**WHAT NEEDS TO BE DONE**
With the pictures removed, write out the data below exactly.

**DATA BLOCK**
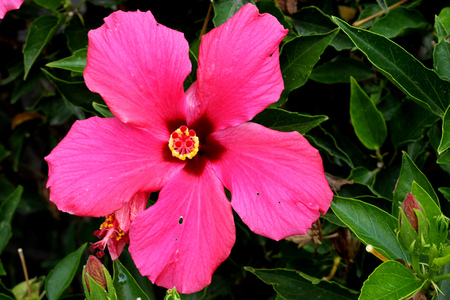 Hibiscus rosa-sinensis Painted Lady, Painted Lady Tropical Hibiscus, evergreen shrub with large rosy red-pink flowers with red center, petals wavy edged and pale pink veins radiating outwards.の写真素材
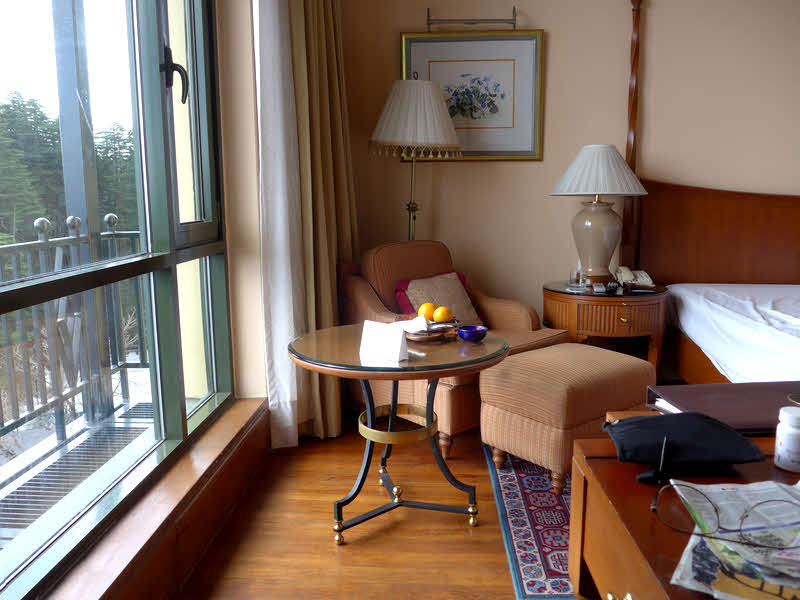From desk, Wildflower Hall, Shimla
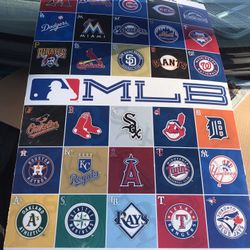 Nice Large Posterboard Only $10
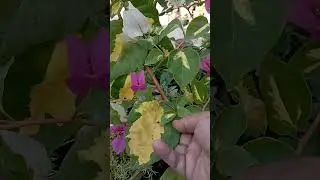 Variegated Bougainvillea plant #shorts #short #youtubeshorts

**RESULT BELOW**
 Hibiscus rosa-sinensis Painted Lady, Painted Lady Tropical Hibiscus, evergreen shrub with large rosy red-pink flowers with red center, petals wavy edged and pale pink veins radiating outwards.の写真素材
From desk, Wildflower Hall, Shimla
 Nice Large Posterboard Only $10
 Variegated Bougainvillea plant #shorts #short #youtubeshorts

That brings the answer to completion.